At the age of 10, his family moved to Northern Rhodesia (now Zambia), and there he began training in Judo. At the age of seventeen he became a black belt in Judo, and also practiced both Kenpo and Karate.[1] Around the age of 25, Arneil moved to Durban, South Africa, to complete his education in mechanical engineering. He found a local Judo dojo in Durban that also offered karate. In 1962 he travelled to Japan to study karate under Mas Oyama. When he left Japan in 1965, he had achieved the rank of 3rd dan and had been the first person to complete the 100 man kumite after Mas Oyama.[2] Steve Arneil was "adopted" by Mas Oyama, in order to allow Arneil to marry a Japanese woman.[3]

After his marriage, Steve Arneil travelled with his new wife to Great Britain.[4] In the same year, he and Bob Boulton founded the British Karate Kyokushinkai (BKK) organisation. The first full time dojo was located in Stratford, in East London. The number of clubs expanded such that today there are between 65 and 70 throughout Great Britain.
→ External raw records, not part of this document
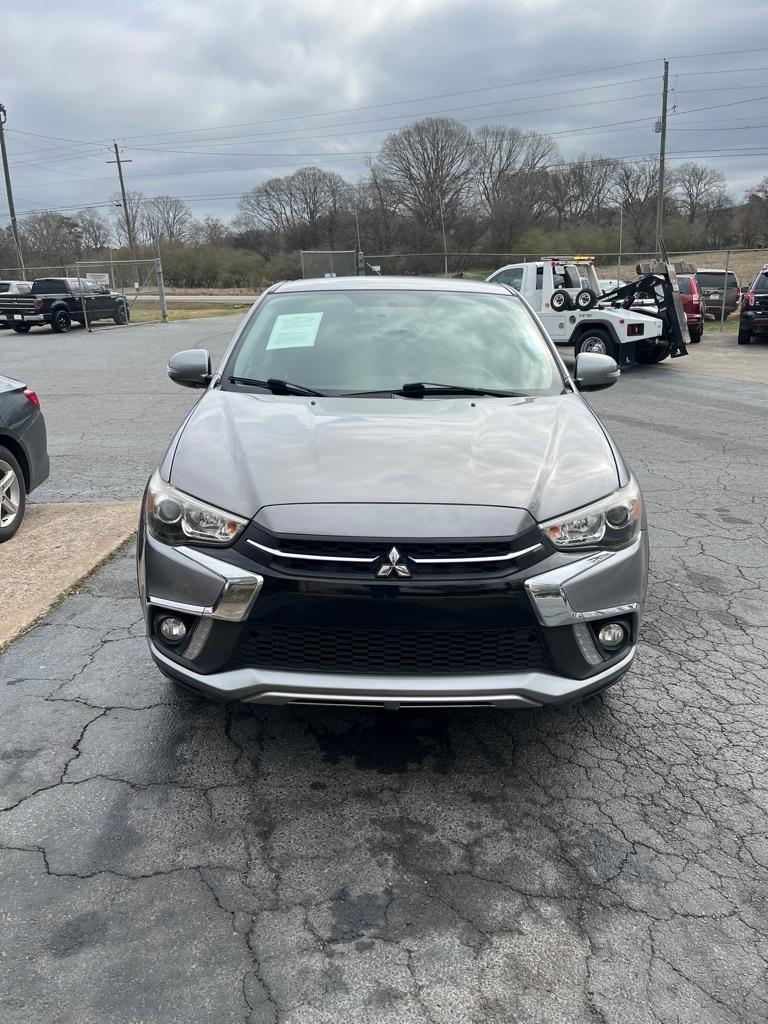 Mitsubishi Outlander Sport  2019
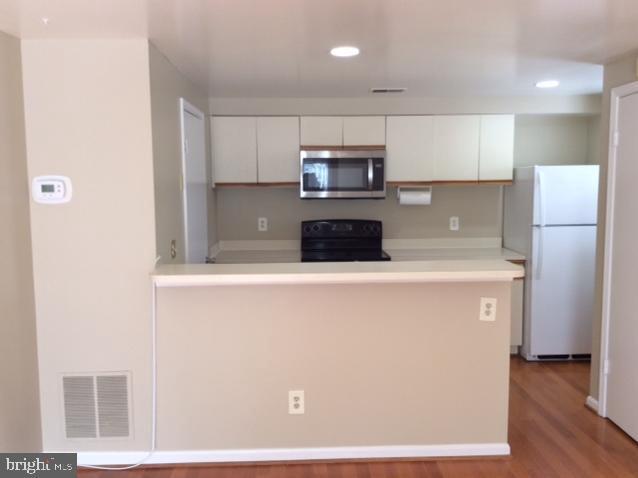 Building Photo - 4453 Pembrook Village Dr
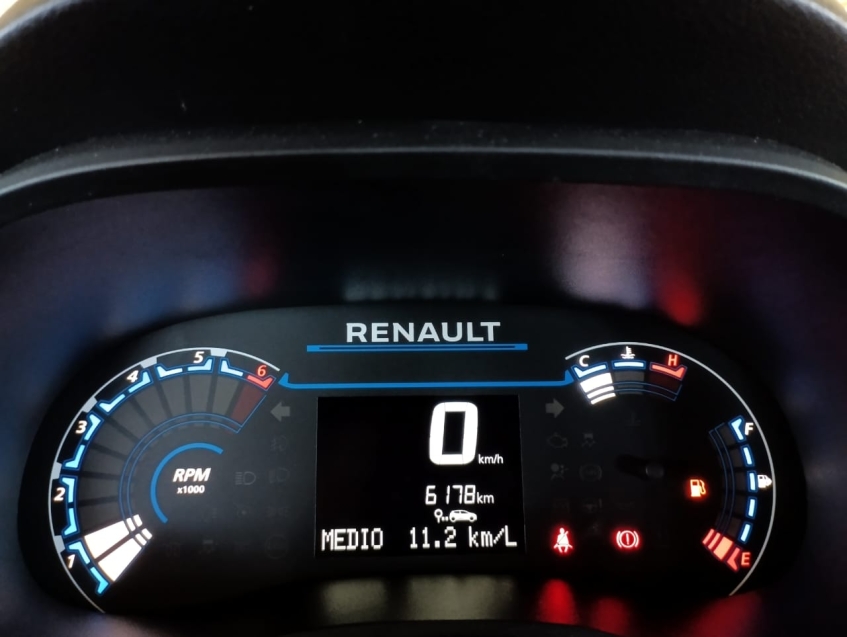 renault kwid 1.0 12v sce flex outsider manual 4p 2025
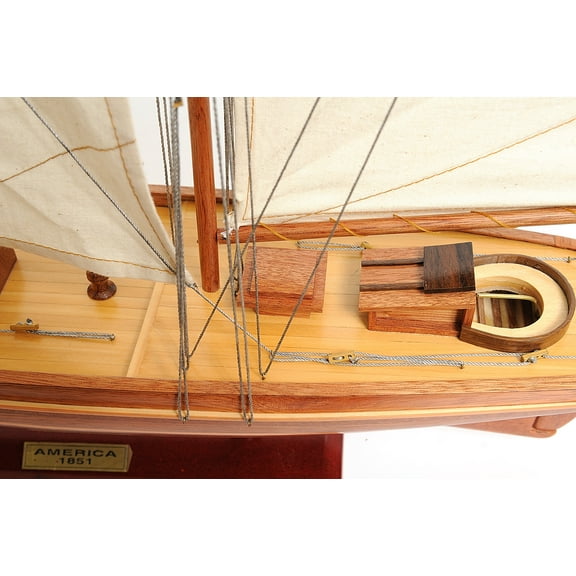 America Yacht Model Display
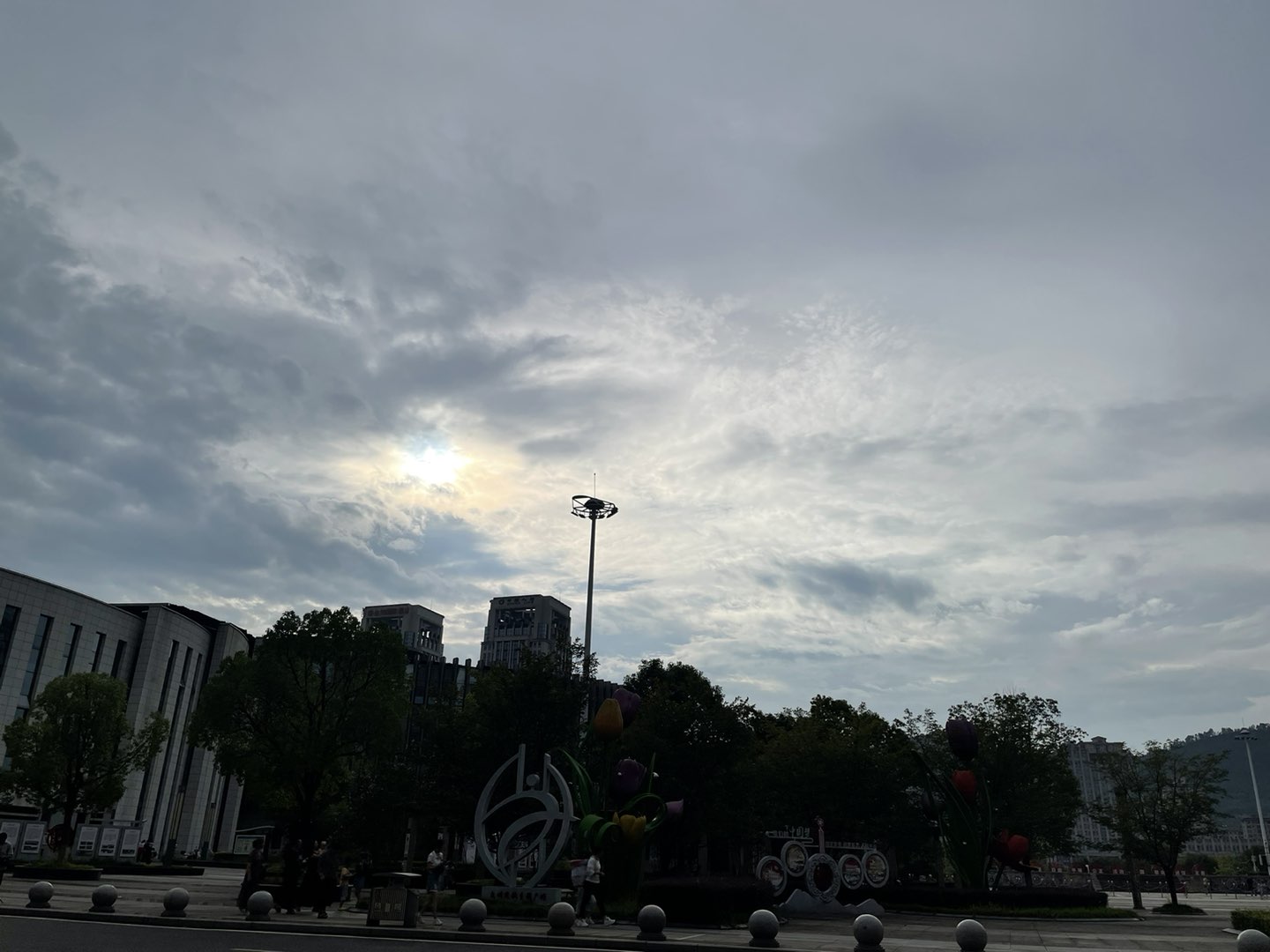 20230905141424front1_0_414109_FlS4NnL1KrSOrQkHT4WEceFwdr8f.jpg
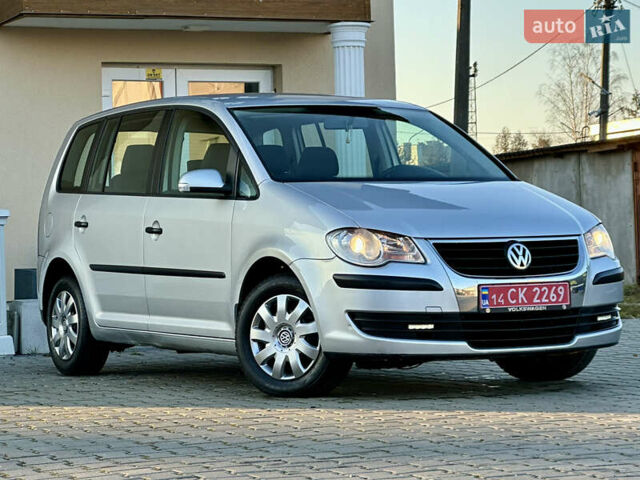 Серый Фольксваген Туран, объемом двигателя 1.6 л и пробегом 191 тыс. км за 7270 $, фото 1 на Automoto.ua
During the period spanning 1968 and 1976, Arneil was the team manager and coach for the All Styles English and British Karate team which became the first non-Japanese team to win the World Karate Championship in 1976. In 1975 the French Karate Federation awarded him the title of the 'World's Best Coach'.[5]

In 1991, Arneil and the BKK resigned their 25 year long membership with the Japan based International Karate Organisation (IKO) and founded the International Federation of Karate (IFK) which currently has a membership of over 100,000 in up to 19 different countries. He currently is the President of the BKK and head of the IFK.[6]

His 8th dan was awarded to him by the British karate community for his services to karate in Great Britain. On May 26, 2001 Arneil was awarded his 9th dan by the IFK country representatives at their meeting in Berlin.[7]